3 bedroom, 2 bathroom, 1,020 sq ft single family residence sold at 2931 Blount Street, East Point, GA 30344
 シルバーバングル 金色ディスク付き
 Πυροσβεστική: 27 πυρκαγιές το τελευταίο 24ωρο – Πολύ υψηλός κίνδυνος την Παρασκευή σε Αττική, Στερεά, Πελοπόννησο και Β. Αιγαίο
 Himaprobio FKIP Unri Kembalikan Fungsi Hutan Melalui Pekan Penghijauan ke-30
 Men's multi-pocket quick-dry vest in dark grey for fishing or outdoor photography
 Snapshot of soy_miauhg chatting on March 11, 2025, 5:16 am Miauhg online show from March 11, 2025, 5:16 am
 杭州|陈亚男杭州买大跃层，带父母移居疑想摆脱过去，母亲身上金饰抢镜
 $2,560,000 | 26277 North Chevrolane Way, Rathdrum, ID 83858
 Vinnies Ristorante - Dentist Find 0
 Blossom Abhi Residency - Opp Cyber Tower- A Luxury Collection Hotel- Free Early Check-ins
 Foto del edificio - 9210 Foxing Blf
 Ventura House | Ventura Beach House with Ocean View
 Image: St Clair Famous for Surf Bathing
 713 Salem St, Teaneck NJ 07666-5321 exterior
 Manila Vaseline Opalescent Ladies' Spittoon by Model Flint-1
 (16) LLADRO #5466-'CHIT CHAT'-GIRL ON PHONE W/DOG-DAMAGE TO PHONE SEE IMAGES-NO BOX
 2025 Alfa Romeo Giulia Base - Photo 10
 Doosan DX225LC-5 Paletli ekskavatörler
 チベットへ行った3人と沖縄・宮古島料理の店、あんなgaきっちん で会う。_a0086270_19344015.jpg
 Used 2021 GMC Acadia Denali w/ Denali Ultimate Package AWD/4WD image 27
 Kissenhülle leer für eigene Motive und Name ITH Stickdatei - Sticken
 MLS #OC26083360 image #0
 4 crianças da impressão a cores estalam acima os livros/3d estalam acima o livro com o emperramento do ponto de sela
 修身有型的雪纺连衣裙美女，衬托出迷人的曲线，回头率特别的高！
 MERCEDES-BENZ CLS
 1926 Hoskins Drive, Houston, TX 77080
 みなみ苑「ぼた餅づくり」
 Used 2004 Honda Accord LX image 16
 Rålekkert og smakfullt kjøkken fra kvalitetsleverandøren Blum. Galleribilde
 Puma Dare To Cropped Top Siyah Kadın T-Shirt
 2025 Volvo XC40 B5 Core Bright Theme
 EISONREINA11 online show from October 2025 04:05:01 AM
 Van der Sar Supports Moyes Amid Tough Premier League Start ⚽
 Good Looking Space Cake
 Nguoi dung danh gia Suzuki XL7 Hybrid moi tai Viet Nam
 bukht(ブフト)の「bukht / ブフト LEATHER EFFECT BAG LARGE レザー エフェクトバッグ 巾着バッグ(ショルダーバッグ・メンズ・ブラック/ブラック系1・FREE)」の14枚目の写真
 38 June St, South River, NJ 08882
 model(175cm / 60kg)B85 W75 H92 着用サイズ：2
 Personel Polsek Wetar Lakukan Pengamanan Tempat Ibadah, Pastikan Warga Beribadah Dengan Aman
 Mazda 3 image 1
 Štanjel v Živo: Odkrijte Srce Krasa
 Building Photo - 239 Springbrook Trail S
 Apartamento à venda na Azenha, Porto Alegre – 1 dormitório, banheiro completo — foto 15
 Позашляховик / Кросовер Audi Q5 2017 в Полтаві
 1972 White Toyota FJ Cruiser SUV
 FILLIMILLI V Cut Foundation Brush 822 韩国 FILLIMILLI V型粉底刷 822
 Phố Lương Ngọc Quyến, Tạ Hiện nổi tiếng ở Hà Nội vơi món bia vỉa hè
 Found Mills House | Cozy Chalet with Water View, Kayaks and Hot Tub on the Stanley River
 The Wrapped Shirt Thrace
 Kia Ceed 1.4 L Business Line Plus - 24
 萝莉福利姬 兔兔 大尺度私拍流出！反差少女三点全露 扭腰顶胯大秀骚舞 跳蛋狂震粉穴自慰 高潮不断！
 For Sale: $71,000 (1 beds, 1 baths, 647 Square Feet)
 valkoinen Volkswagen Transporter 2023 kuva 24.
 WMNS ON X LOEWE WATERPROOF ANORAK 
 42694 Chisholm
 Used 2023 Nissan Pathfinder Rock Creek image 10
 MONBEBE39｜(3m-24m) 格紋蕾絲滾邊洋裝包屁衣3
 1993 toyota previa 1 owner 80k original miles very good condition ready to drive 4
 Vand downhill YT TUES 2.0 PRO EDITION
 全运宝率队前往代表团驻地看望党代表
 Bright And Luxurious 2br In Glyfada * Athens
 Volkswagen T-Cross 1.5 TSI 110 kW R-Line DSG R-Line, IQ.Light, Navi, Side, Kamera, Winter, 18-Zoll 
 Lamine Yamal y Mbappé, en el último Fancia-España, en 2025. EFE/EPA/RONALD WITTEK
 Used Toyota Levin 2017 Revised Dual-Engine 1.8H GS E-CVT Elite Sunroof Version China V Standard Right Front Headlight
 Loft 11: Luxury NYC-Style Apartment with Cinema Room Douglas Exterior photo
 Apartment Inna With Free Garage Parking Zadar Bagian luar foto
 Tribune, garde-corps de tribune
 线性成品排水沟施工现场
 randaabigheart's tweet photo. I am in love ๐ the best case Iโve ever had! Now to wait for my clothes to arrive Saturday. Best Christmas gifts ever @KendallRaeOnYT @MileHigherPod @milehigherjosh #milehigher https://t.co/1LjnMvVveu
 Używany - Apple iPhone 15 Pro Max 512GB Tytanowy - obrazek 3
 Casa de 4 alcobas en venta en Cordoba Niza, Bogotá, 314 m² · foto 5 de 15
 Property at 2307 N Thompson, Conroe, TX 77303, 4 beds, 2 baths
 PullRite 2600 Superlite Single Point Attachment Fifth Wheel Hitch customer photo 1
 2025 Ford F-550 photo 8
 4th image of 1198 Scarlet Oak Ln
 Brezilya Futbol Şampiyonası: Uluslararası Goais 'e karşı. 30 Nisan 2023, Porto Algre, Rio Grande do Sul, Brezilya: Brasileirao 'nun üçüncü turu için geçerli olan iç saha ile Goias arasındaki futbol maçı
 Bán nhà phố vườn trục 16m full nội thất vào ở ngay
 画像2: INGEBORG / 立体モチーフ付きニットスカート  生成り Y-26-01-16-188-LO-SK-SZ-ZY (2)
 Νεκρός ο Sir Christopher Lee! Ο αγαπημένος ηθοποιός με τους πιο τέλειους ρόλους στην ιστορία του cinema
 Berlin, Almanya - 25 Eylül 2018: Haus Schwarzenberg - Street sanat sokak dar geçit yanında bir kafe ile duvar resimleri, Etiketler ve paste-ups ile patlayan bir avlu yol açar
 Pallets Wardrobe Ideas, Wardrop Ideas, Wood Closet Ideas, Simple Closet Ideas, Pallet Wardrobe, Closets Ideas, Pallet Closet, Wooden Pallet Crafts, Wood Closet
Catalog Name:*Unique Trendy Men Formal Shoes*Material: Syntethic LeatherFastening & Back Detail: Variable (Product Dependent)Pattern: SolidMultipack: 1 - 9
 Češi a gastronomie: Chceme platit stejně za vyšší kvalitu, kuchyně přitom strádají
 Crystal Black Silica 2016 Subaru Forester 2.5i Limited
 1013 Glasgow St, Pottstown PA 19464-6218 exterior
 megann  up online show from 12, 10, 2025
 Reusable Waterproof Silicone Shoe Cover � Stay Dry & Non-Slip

◆ ◆ ◆ ◆ ◆

Lines holding the string "baths" in the records above must be counted; give the number alone.

Result:
2